L’intérêt de Parrino, artiste de la destruction, pour Warhol témoigne de la richesse de cette
ambiguïté. L'exposition qu'il organise en 1999 au Consortium de Dijon, « Bastard Kids of
Drella », s’inspire ainsi du surnom que Warhol s’était donné, "Drella", contraction de
"Cinderella" (Cendrillon) et "Dracula", deux êtres en lesquels Warhol se retrouvait. Gallien
Dejean, dans un texte intitulé Aluminium Clouds (CRASH), for Drella... explique : « Steven
Parrino exécute entre 1984 et 1988 une pièce sans titre composée de trois feuilles
blanches. (...) Sur la première, dont le centre a été consumé, une phrase est inscrite :
"Andy Warhol Frankenstein". (...) La seconde porte l'inscription "Andy Warhol's Dracula" et
la troisième "Andy Warhol's Bad". Dracula, parce que Warhol vide le monochrome de son
essence.
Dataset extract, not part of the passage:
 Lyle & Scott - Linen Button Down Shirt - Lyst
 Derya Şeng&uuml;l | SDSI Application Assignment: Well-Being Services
Frankenstein, parce qu'il s'approprie les éléments de la culture, savants ou
populaires, et les rapièce les uns avec les autres. La dernière affirmation ("Andy Warhol's
Bad") est constitutive de l'ambiguïté qui réside dans son œuvre". La série Death in
America, monochromes réalisés en peinture aluminium sur toile reprend également le nom
de la première exposition personnelle de Warhol en Europe, en 1964, à la Galerie
Sonnabend de Paris, faite de carcasses de voitures sérigraphiées. Les monochromes de
Parrino montrent l'influence de l'univers urbain (New York) et métallique (moto) dans
lequel il vit. Leur surface parfois froissée peut évoquer un accident de la route. Quant à
Electrophilia, le nom du groupe de Steven Parrino, il se relie directement à la série des
Electric Chairs de Warhol présentées dans la partie historique de la Marque Noire. Toutes
séries d’œuvres qui font penser que Warhol était au moins aussi hanté par la mort que par
le glamour.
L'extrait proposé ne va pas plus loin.